Former Archduke Albert Avenue
Former Archduke Albert Avenue
Masarykovy sady
In 1813, following the order from Duke Albert of Saxe-Teschen, a forest inspector called Dünnbier set up a park in Saska Kępa quarter (Sachsenberg – in honour of the Duke’s name). The park was arranged on the plan of a triangle. Three radial avenues constituted the compositional axes. The terrace with a Doric portico in the corner of the Hunter’s Palace on Cieszyn Castle Hill was the scenic closure for the avenues. And the other way round; from the terrace a panoramic view of the avenues that separated radially in the new quarters of Cieszyn met the eye. That idea is still clear today in the layout of Czech Cieszyn ; the radial streets are: Masarykovy sady, Hlavní Třída street (former Saska Kępa) and partly Smetanová street. Originally the park was meant for the building of two-storey housing estates for the clerks who administered the Habsburg possessions. The ‘Saská Kupa’ (in Polish Saska Kępa) restaurant reminds us of the historical past of the place. Here one can find the ambience of the imperial monarchy. In its central part the broad Avenue was lined with numerous trees and bushes and walking paths were marked out, among which a statue of St.
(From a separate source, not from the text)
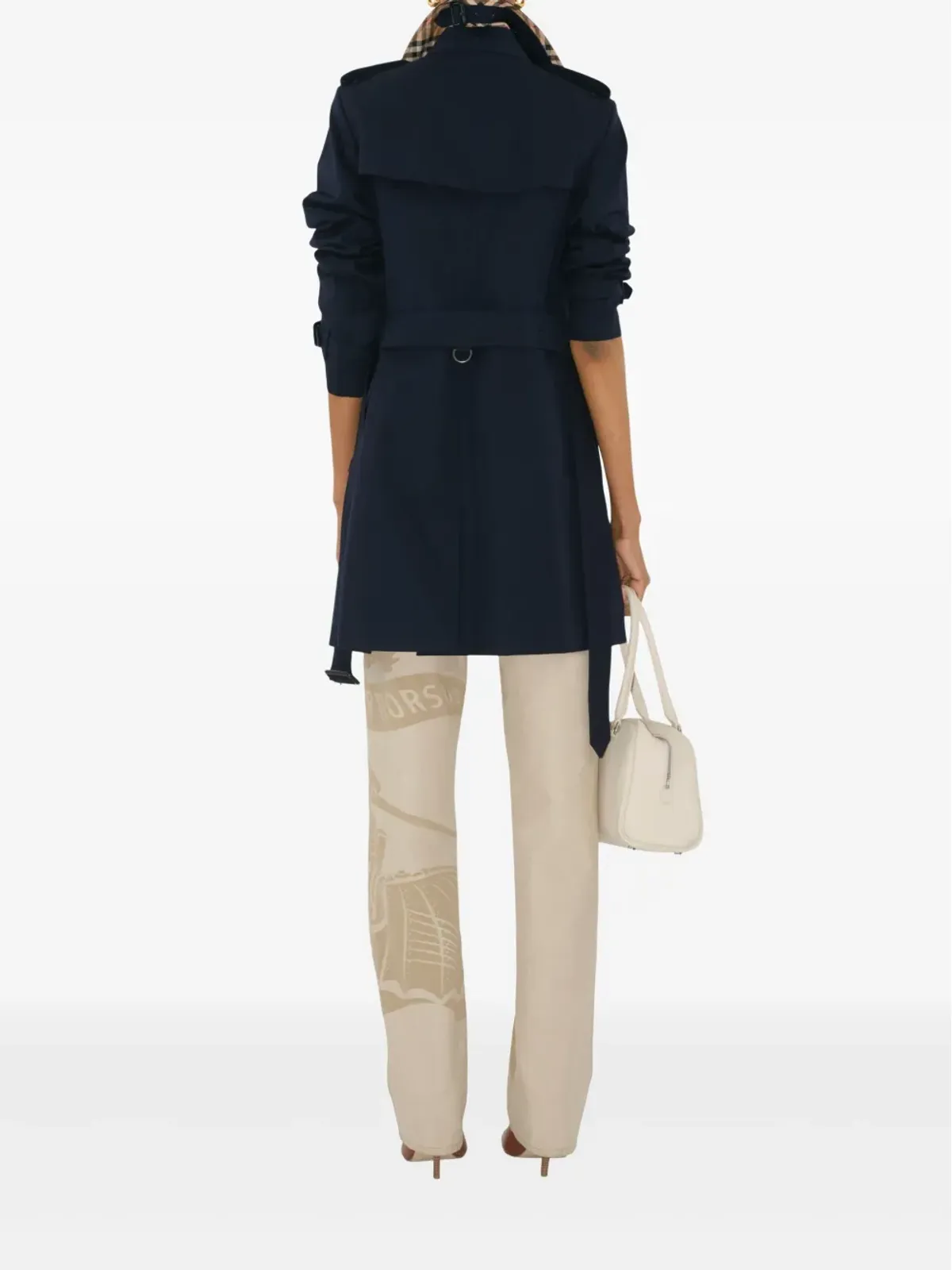 Burberry ショートチェルシー ヘリテージ ベルト付き トレンチコート - 画像4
Jan Nepomucen, a shrine made of red brick and an Art Nouveau monument of Friedrich Schiller (made of white Carrara marble) were hidden. In the 19th century numerous stately eclectic villas were erected round the Avenue. They were situated in gardens with the inevitable magnolia trees as their embellishment. In the initial section of the Avenue two three-storey houses were built in 1874 with flats for the employees and the head office of the Archdukal Komora Cieszyńska. During the Nazi occupation they struck universal terror in people because they constituted the Gestapo premises.
In this place we finish our walk along the route of the Cieszyn Dukes from the Habsburg line. We keep in mind the fact that the period of their rule – although it evokes a lot of questions and is the source of numerous controversies – still left a lot of permanent traces that enrich the culture and tradition of both Cieszyn and Cieszyn Silesia.